Apam Fishermen Cry For Premix

Some of the fishermen at the press conference

Fishermen at Apam and its environs in the Central Region say the irregular supply of premix fuel is negatively affecting their livelihood.

According to them, they are unable to fish in deepwater for good catch due to the deficit in the petroleum product.

Apam has a very vast fishing community and shares its premix allocation with other fishing towns in the area, hence the 3,000 gallons per week to them is woefully inadequate.

Speaking at a press conference on Friday, Amos Appiah, 2016 Gomoa West District Best Fisherman, alleged that members of the premix fuel committee keep half of the community’s consignment for themselves and their associates, leaving many of the fishermen without fuel.

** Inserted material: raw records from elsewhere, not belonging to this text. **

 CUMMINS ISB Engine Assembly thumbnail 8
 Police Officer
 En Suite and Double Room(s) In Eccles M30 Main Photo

He further alleged that some members of the premix committee sell the commodity at exorbitant prices to fishermen who have no choice than to buy them at such high prices.

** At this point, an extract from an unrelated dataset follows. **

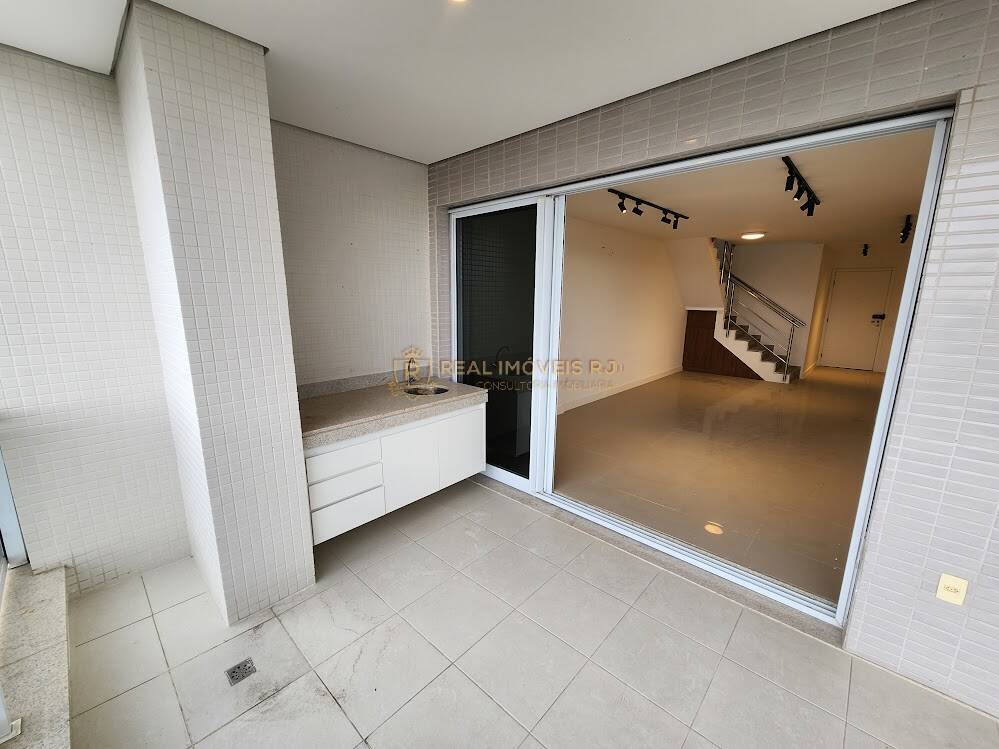 Apartamento, 3 quartos, 115 m² - Foto 10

According to Mr. Appiah, fishermen at Apam need at least 12,000 gallons of premix fuel every week as against 9,000 gallons.
Highlighting the challenges of fishermen at Apam, Ebusuapayin Kojo Mensah, linguist of the Apam Chief Fisherman, said the product is traded like “cocaine” at the beach, adding that fishermen struggle to get it.

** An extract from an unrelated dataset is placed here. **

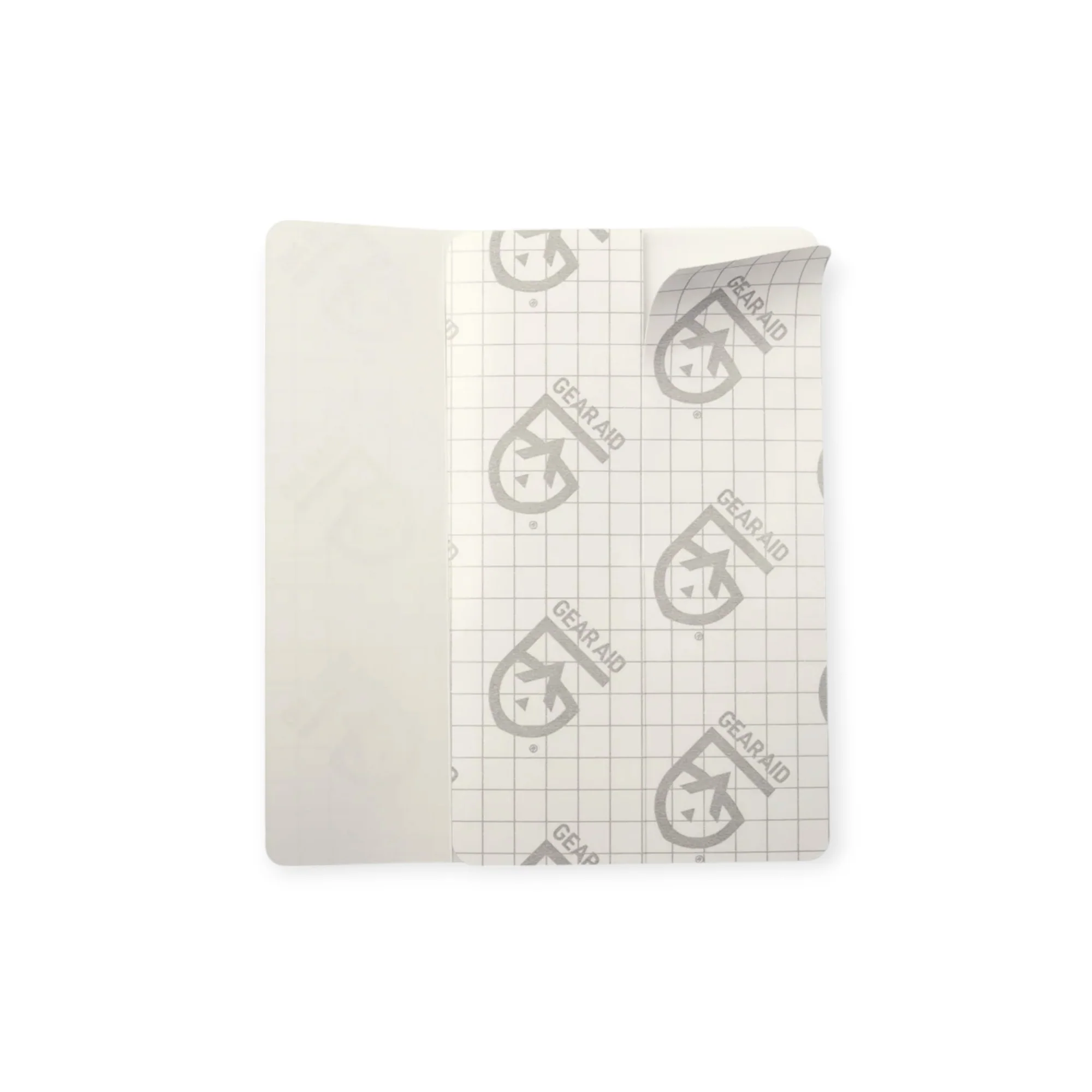 Gear Aid Tenacious Tape Flex Patches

Some of the fishermen told Ghana News Agency (GNA) that the situation sometimes forces them to use petrol and engine oil at high cost.

The fishermen also complained about unavailability of outboard motors, saying “for almost two years now, we have not been supplied with outboard motors.”

“Many of the canoes here cannot go to sea because they have problems with their outboard motors and cannot get some to buy.”

“Even after we deposited over GH¢17,000 at Japan Motors, it will take two to three months before they supply them to us because outboard motors have become scarce,” they said.

“We all have families and we cannot stop working. It will be difficult for us to cater for our families if we do not go to sea. Government must listen to our pleas and help us,” they added.

They, therefore, appealed to the government to, as a matter of urgency, increase premix fuel allocation and provide them with other fishing implements to enable them stay in business.